PROBLEM DESCRIPTION: Print the entire listing below word for word, excluding its pictures.

DATA BLOCK:
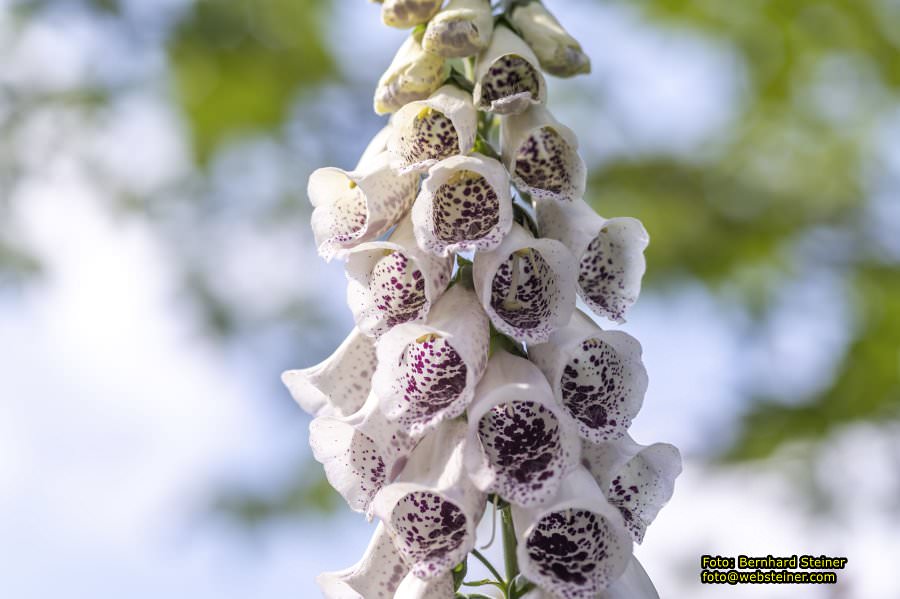 Tulln an der Donau, Juni 2023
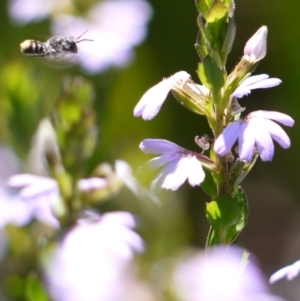 Megachile sp. (several subgenera) at Acton, ACT - 11 Jan 2023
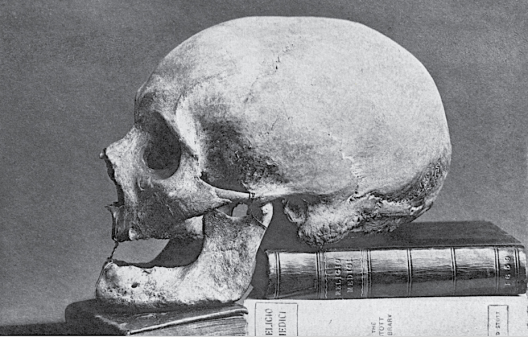 Screenshot 2020-06-25 at 15.31.29.png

SOLUTION TO THE PROBLEM:
 Tulln an der Donau, Juni 2023
 Megachile sp. (several subgenera) at Acton, ACT - 11 Jan 2023
 Screenshot 2020-06-25 at 15.31.29.png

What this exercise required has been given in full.